AGALAIN.ID – Deru mesin molen berpadu dengan tawa warga di Desa Tonala. Di tengah debu dan keringat, ada semangat yang nggak bisa diukur pakai angka semangat kebersamaan.
Program TMMD mungkin terdengar formal di atas kertas, tapi di lapangan, ini terasa kayak “reuni besar” antara warga dan TNI. Semua turun tangan, dari bapak-bapak yang bawa semen sampai anak muda yang bantu ngaduk beton.
Mereka nggak cuma kerja bareng, tapi juga saling belajar: prajurit belajar ketulusan dari warga, warga belajar disiplin dari prajurit.
“Rasanya kayak balik ke zaman dulu, tapi dengan cara yang lebih modern. Kami bareng-bareng bikin desa ini maju, tapi tetap dengan rasa kekeluargaan,” cetus salah satu warga yang ikut sejak hari pertama.
Setiap sore, kopi hitam mengepul di teras rumah warga. Di situ, batas antara seragam hijau dan baju biasa seolah hilang.

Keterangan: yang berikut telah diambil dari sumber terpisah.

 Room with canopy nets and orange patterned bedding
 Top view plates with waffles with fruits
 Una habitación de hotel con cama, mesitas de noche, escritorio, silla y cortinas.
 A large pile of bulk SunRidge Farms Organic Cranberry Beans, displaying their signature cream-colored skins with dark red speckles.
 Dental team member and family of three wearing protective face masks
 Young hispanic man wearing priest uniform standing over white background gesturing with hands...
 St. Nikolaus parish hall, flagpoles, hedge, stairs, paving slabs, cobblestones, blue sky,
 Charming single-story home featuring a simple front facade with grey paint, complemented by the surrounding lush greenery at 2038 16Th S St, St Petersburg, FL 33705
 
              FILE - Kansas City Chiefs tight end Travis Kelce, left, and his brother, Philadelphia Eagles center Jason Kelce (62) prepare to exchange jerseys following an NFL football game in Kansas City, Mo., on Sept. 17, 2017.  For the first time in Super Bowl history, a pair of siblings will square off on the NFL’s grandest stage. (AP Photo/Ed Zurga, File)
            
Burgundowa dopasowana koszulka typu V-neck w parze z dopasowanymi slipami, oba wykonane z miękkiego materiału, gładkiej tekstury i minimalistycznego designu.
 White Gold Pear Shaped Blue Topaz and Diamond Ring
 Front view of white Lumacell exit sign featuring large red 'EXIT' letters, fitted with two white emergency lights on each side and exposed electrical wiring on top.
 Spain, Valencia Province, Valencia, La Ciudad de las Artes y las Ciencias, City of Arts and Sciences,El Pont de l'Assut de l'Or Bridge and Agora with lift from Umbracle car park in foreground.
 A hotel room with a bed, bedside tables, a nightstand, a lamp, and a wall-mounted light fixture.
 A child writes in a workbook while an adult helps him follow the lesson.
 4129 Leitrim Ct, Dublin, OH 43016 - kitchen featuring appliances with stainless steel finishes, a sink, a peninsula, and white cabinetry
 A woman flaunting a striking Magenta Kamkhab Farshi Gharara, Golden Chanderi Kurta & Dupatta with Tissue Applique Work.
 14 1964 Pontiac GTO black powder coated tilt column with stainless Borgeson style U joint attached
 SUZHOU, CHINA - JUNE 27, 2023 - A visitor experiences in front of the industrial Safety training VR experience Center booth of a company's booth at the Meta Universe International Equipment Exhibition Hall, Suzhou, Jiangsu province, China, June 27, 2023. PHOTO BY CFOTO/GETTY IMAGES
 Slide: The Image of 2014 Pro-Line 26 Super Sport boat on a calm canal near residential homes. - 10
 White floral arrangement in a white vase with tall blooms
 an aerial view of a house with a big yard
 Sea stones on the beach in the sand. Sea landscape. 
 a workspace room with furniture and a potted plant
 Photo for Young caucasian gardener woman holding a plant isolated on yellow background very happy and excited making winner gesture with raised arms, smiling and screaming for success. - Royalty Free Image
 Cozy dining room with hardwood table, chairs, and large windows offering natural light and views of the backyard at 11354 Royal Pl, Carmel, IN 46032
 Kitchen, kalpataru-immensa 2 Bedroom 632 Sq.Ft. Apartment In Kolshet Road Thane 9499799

Obrolan santai tentang keluarga, mimpi, dan masa depan desa jadi bukti bahwa pembangunan sejati itu bukan cuma soal infrastruktur, tapi soal connection manusia dengan manusia.
TMMD di Desa Tonala membuktikan bahwa nilai-nilai lama seperti gotong royong masih relevan banget di era sekarang.
Bedanya, sekarang ada sentuhan profesional, disiplin, dan kolaborasi modern yang bikin semuanya makin kuat.
Karena di balik jalan beton yang kokoh, ada hati-hati yang saling percaya. Dan di situlah, sesungguhnya, fondasi bangsa dibangun. (*)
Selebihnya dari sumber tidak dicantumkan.